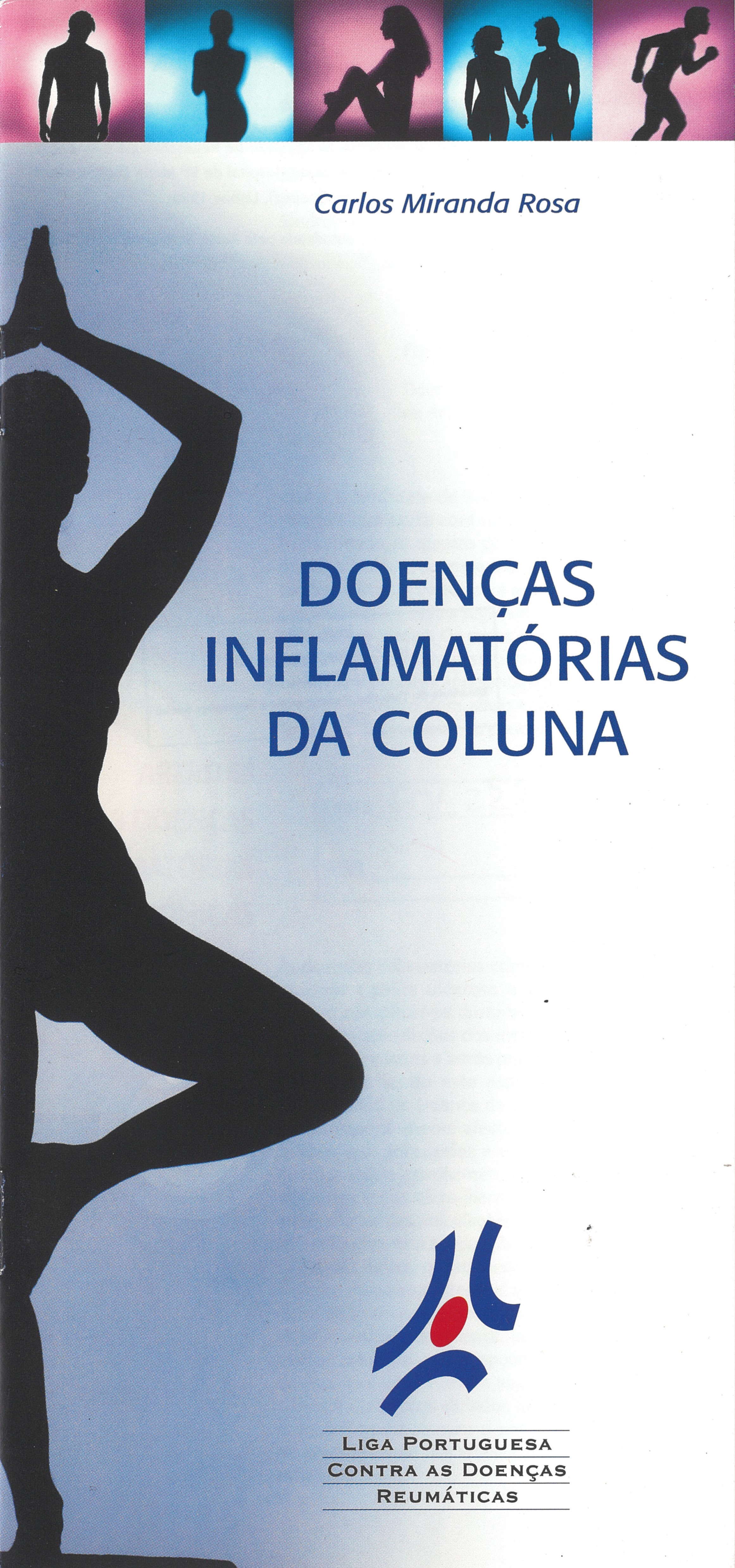 Capa
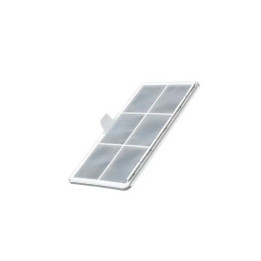 Filtro AEG Pilucchi Asciugatrice 1366344032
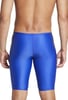 Speedo Mens Swimsuit Jammer ProLT Relaunch SpliceSpeedo Blue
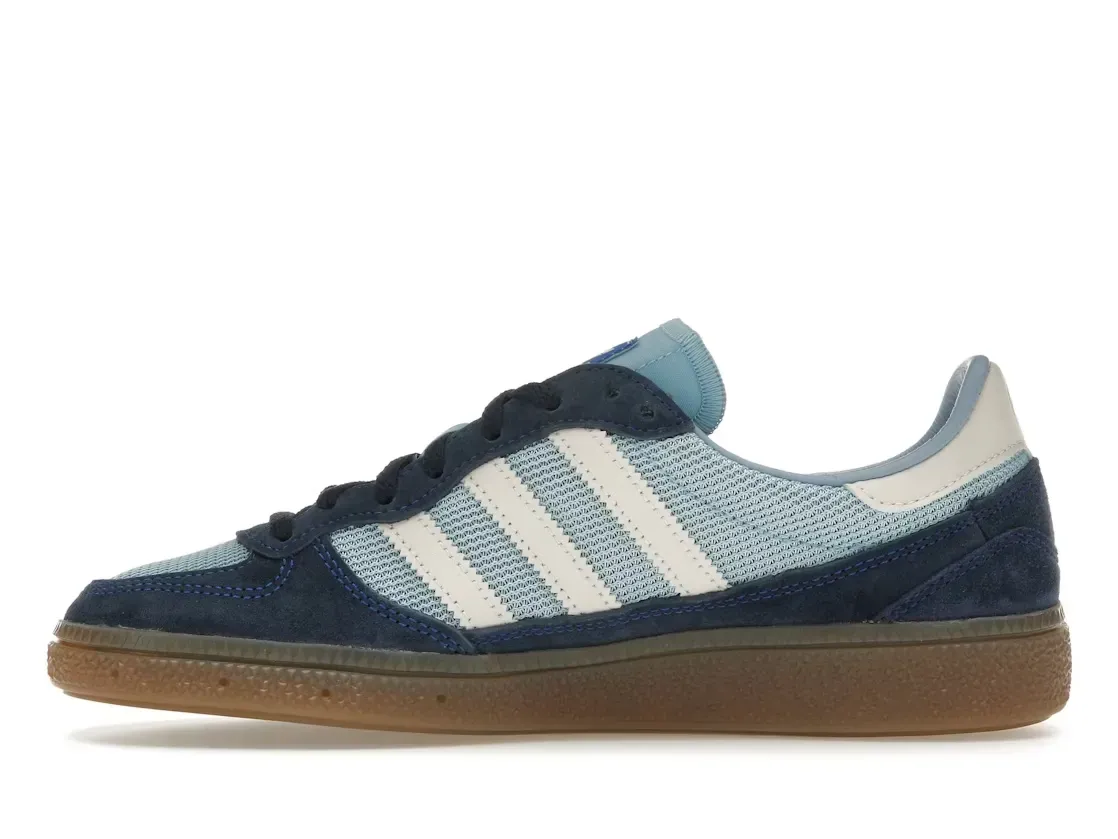 Фото № 3 с приближением к товару «‎adidas Handball Pro SPZL»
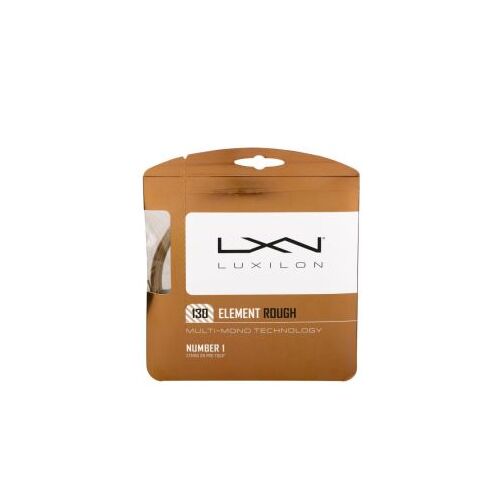 Luxilon 130 Element Rough Set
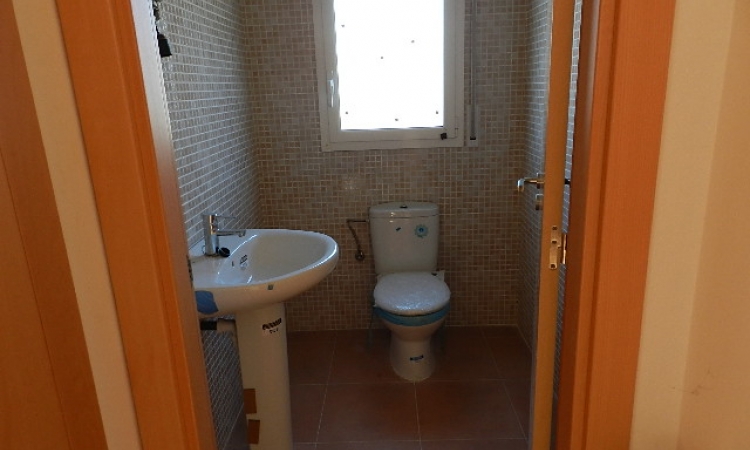 Коттедж в урбанизации Mas Flassia, в тихом жилом районе города Видререс (Vidreres) Коттедж в урбанизации Mas Flassia, в тихом жилом районе города Видререс (Vidreres)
_____
- _TASK TO CARRY OUT_:
Your copy should hold exactly the lines from the one that contains "Фото № 3 с приближением" through the final line of the data, both ends included, and no pictures.

- _EXERCISE RESULT_:
 Фото № 3 с приближением к товару «‎adidas Handball Pro SPZL»
 Luxilon 130 Element Rough Set
 Коттедж в урбанизации Mas Flassia, в тихом жилом районе города Видререс (Vidreres) Коттедж в урбанизации Mas Flassia, в тихом жилом районе города Видререс (Vidreres)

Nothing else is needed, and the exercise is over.